Article read level: Art lover

Associated media

Pablo Echaurren (b. 1951) Fantasie, 1995 Collage on paper, 50 x 70 cm Courtesy Galleria d’Arte Maggiore, Bologna (Italy)

Pablo Echaurren’s work suggests that the modernist avant-garde’s anarchic impulse still resonates in popular culture, says Peter Jones

Pablo Echaurren: Iconoclast by Sandro Parmiggiani

The relevance of the past to today was addressed in a recent exhibition at the Estorick Collection, London ‘Pablo Echaurren: Iconoclast’ (now closed). It featured recent collages by the artist and author Pablo Echaurren (b.1951) who is son of the Chilean surrealist Roberto Matta (1911–2002). His collages represent a dialogue with Italian Futurism,  the avant-garde art movement founded in 1909 by the writer and poet F. T. Marinetti (1876–1944).

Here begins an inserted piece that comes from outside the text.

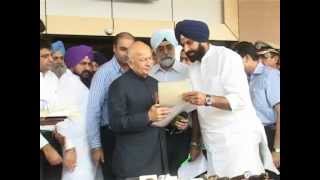 Bikram Majithia hands over sword and Golden Temple replica to Home Minister [upl. by Lati]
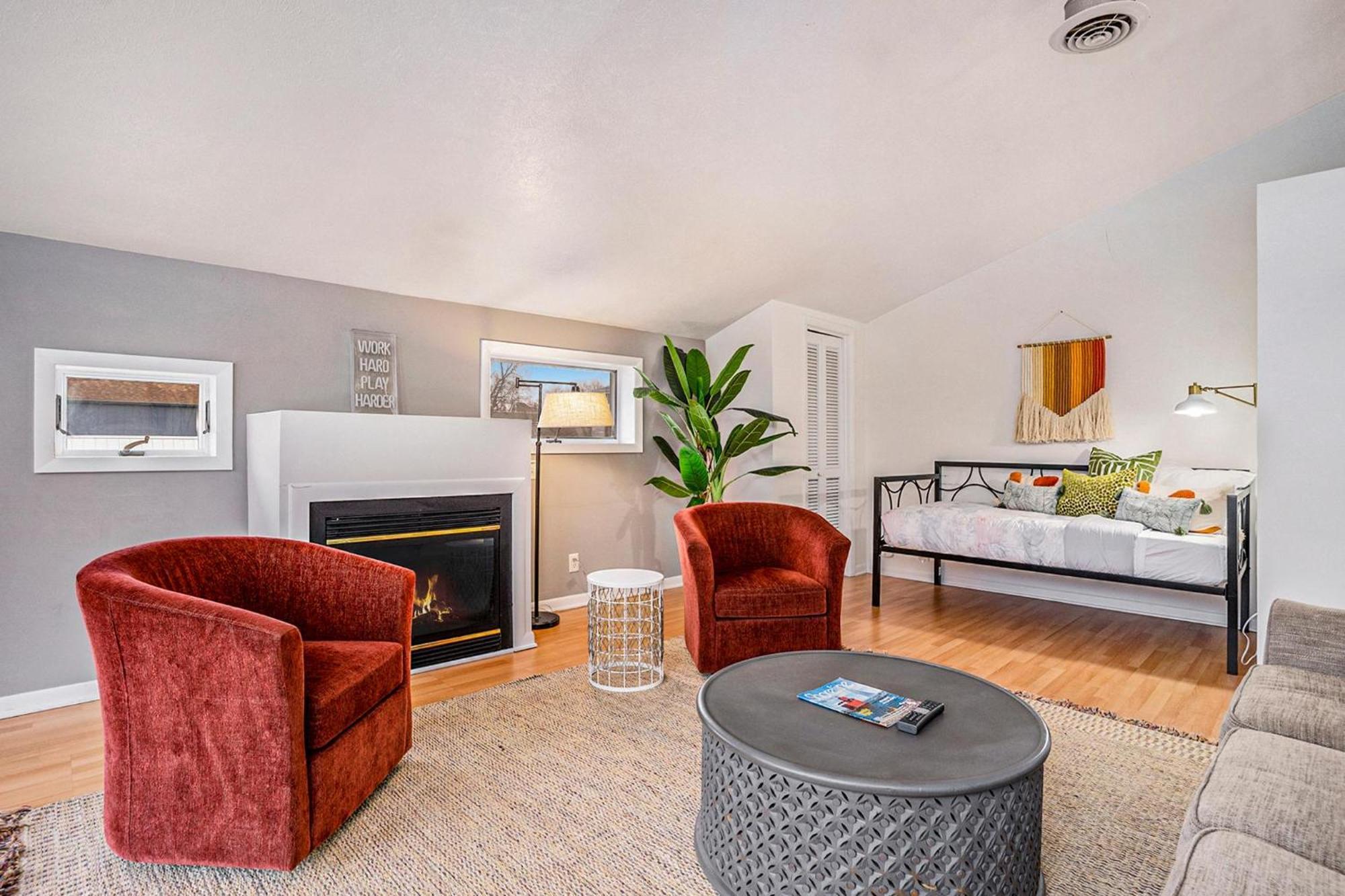 Riverside Suites - Unit B Saugatuck Buitenkant foto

Echhaurren amassed a collection of Futurist material, which he re-casts in his collages. In these brightly coloured, vibrant works fragments of Futurist publications, typography and imagery sit with modern logos, advertisements, pictures of punk rockers and comic strip characters. He seems to suggest that the modernist avant-garde’s anarchic impulse still resonates in popular culture. All the collages are illustrated in the booklet accompanying the show that also has a short essay on Echaurren.  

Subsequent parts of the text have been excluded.